Work instruction
Under this line are the records; repeat exactly the lines starting at the one containing "Animation canine, photo 7 sur 13" and ending at the one containing "X0000073711284200608171129", omitting pictures.

Data for this task

╭──

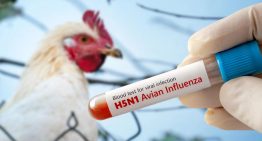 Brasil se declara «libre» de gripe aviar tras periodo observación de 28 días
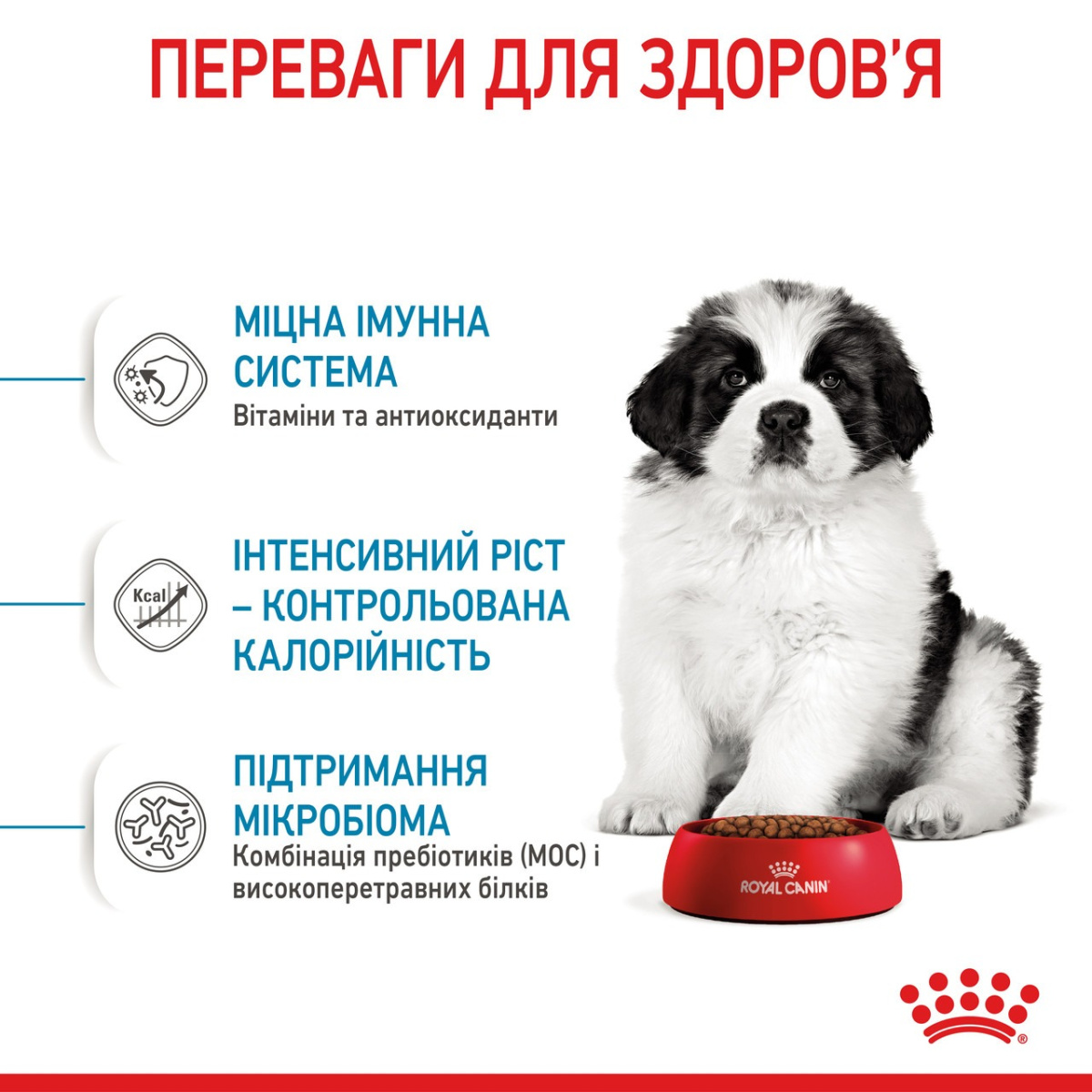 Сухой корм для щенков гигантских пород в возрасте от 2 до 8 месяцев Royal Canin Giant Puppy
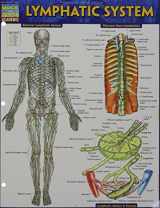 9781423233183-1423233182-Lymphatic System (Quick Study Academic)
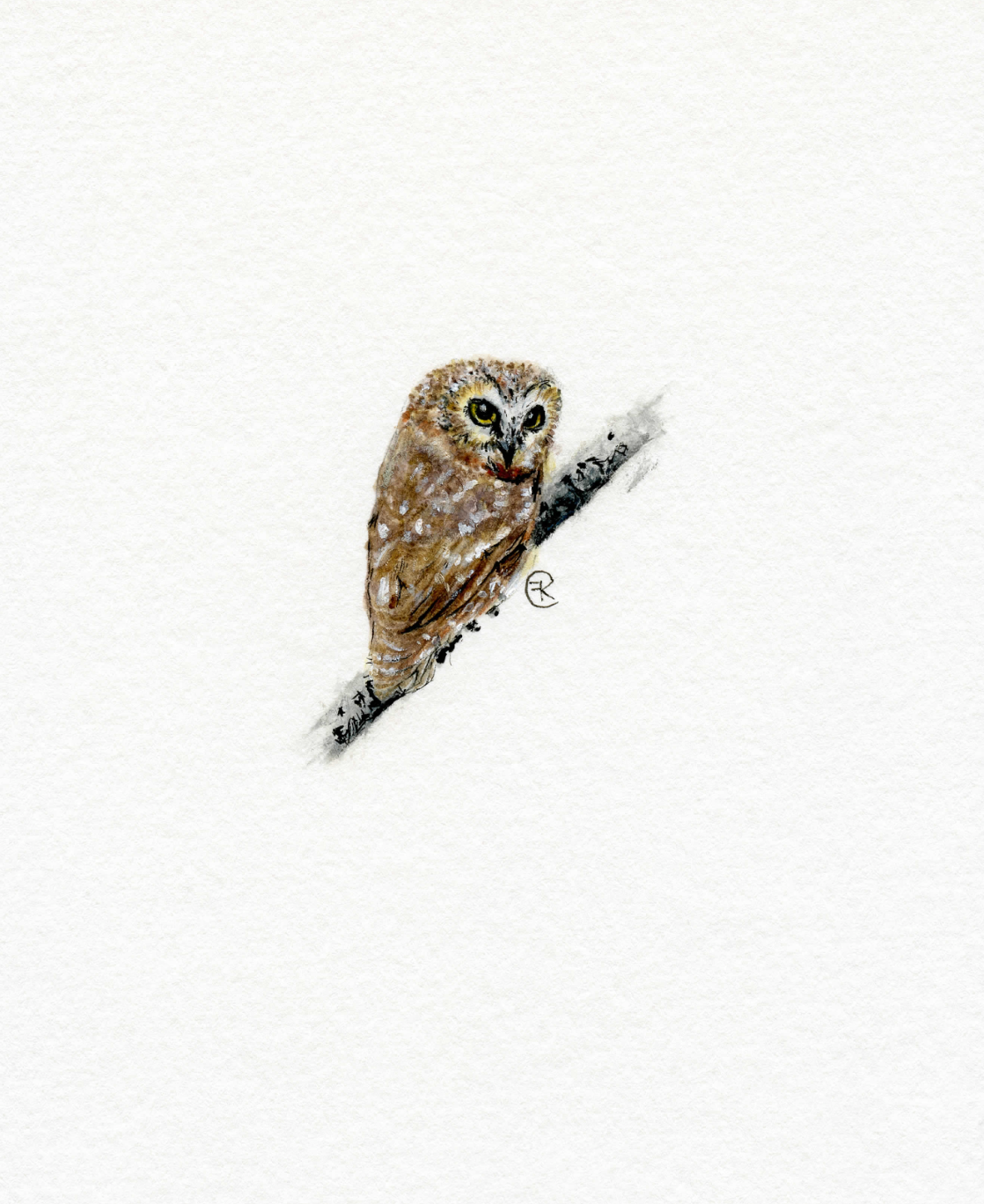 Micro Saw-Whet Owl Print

╰──
╭──

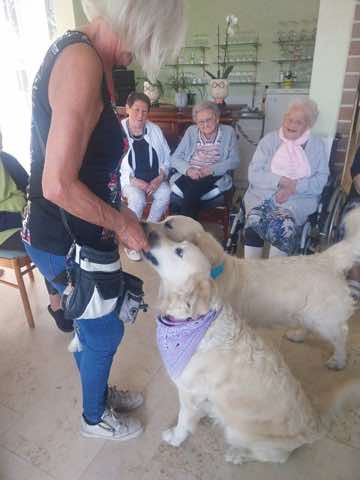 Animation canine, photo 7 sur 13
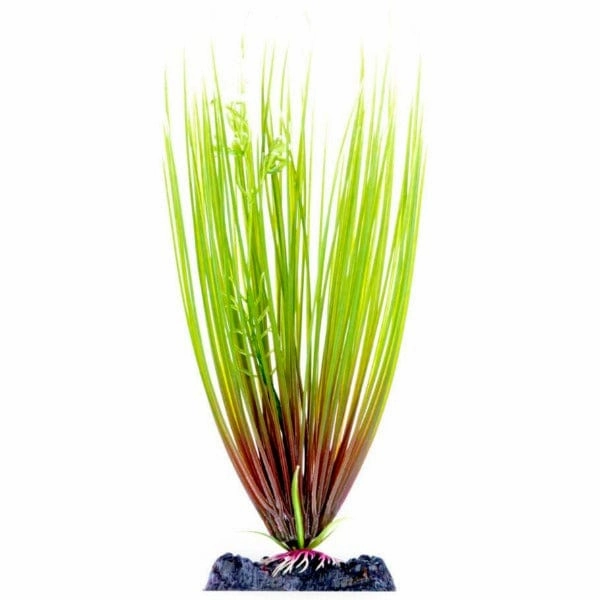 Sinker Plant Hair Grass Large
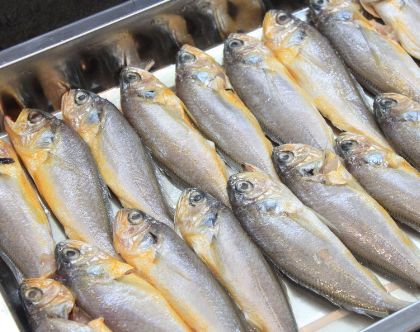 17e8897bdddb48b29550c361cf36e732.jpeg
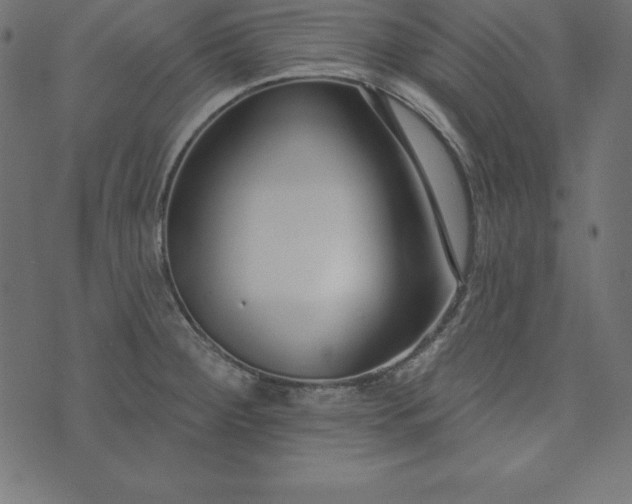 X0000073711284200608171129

╰──
╭──

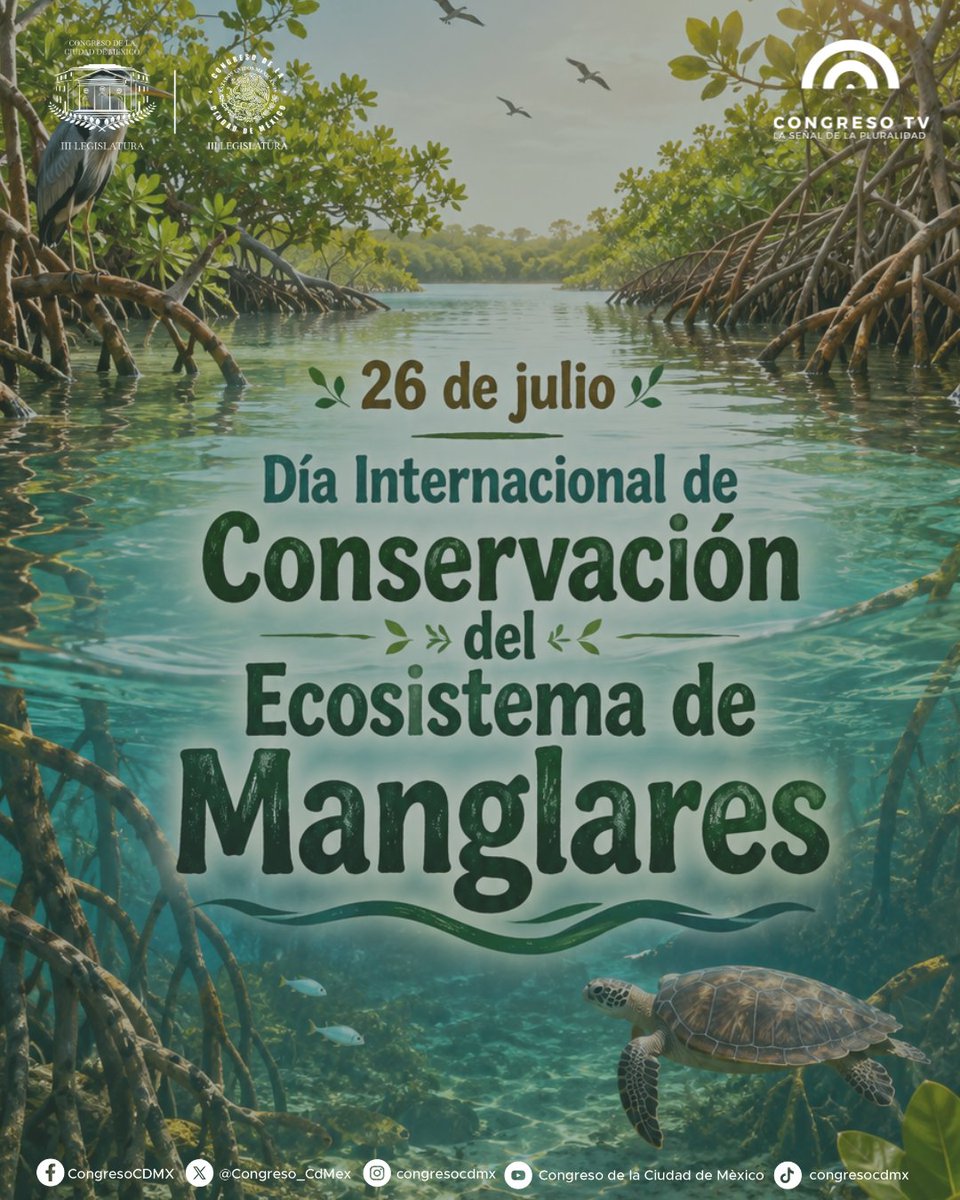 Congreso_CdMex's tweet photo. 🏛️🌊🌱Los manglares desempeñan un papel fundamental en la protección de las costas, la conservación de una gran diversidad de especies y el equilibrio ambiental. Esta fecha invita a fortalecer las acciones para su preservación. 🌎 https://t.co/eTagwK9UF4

╰──

Written reply
 Animation canine, photo 7 sur 13
 Sinker Plant Hair Grass Large
 17e8897bdddb48b29550c361cf36e732.jpeg
 X0000073711284200608171129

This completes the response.